A ciò deve aggiungersi il fatto, non trascurabile, che il rifiuto della banca trattaria di eseguire l’ordine impartito dal traente dell’assegno adducendo l’irregolarità della data di emissione ha impedito anche l’avvio della procedura di segnalazione in CAI, che notoriamente ha l’analogo effetto di spingere il traente verso un sollecito pagamento dell’assegno, al fine di evitare la corresponsione degli interessi e della penale prevista in caso di adempimento tardivo o, in mancanza, la revoca di sistema delle convenzioni di assegno. Infine, la condotta illegittima della banca trattaria ha frustrato il vincolo di destinazione della provvista sorto nei confronti del traente con l’emissione dell’assegno, che, a seguito della circolazione e della presentazione alla banca trattaria, assume un rilievo che non può più essere limitato alle parti contraenti ma si estende anche nei confronti del prenditore, che ha ricevuto l’assegno nel presupposto dell’esistenza dell’ordine di pagamento impartito dal traente alla banca e del suo adempimento. 

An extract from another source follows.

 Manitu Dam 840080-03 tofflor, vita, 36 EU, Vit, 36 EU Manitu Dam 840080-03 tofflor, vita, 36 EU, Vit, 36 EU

Se è vero che il Collegio non ha elementi circa l’esistenza di sufficienti fondi disponibili alla data della presentazione dell’assegno per il pagamento, è indubbio che, anche ammesso il caso contrario, il comportamento della banca trattaria abbia quanto meno impedito alla società ricorrente di accertare tempestivamente la presenza o meno di detti fondi ed assumere le iniziative più opportune per il recupero del proprio credito o per l’interruzione di eventuali ulteriori forniture di merci. 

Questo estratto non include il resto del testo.